═══ Task input ═══

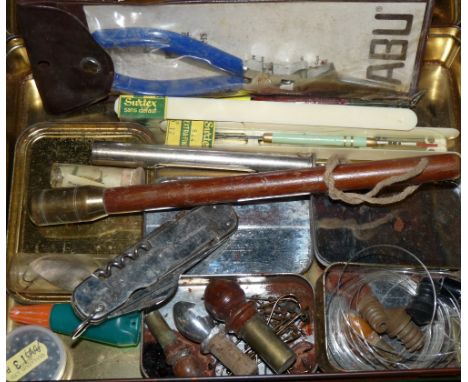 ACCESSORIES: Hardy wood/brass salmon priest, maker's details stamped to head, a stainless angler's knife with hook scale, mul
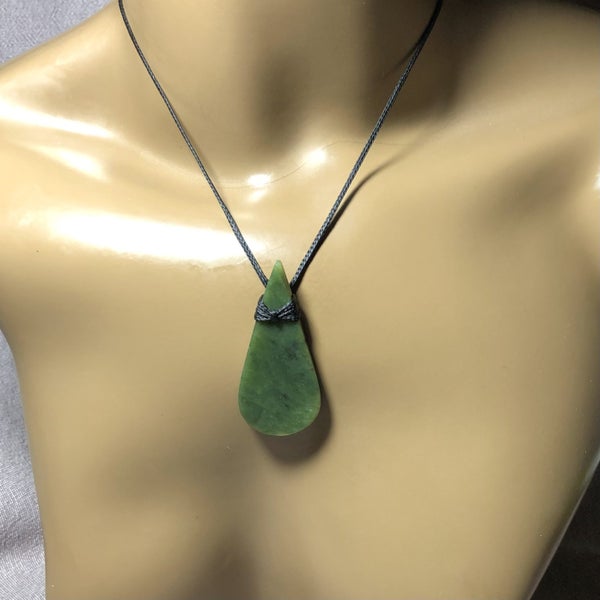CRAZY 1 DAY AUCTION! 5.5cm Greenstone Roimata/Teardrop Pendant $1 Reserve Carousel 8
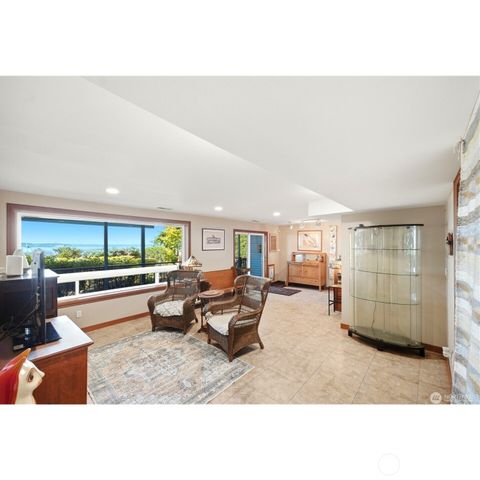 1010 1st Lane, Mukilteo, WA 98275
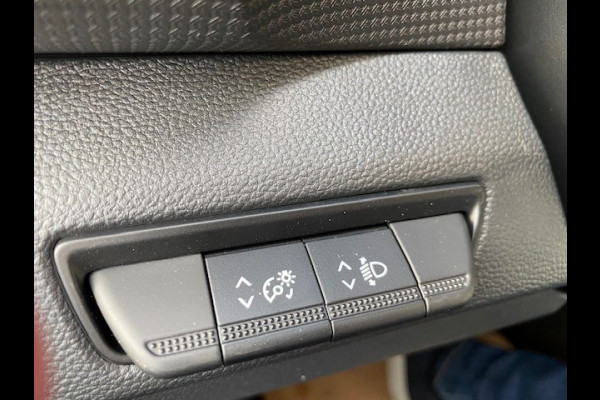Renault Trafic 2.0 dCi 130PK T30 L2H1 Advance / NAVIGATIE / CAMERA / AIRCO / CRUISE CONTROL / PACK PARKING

═══
═══ Task input ═══

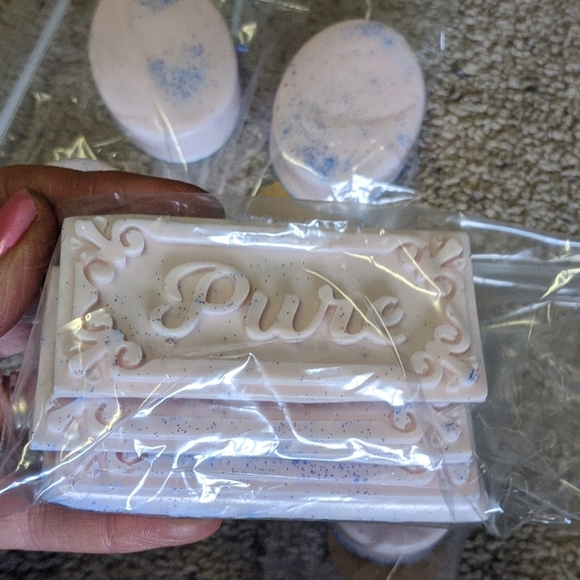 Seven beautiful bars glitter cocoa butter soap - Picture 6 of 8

═══
═══ Task input ═══

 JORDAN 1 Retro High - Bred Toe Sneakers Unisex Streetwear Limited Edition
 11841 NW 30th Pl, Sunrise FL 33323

═══

Task description:
How would the lines above read from the one with "1010 1st Lane, Mukilteo, WA 98275" to the one with "Renault Trafic 2.0", inclusive, with no pictures? Write them out exactly.

Reply:
 1010 1st Lane, Mukilteo, WA 98275
Renault Trafic 2.0 dCi 130PK T30 L2H1 Advance / NAVIGATIE / CAMERA / AIRCO / CRUISE CONTROL / PACK PARKING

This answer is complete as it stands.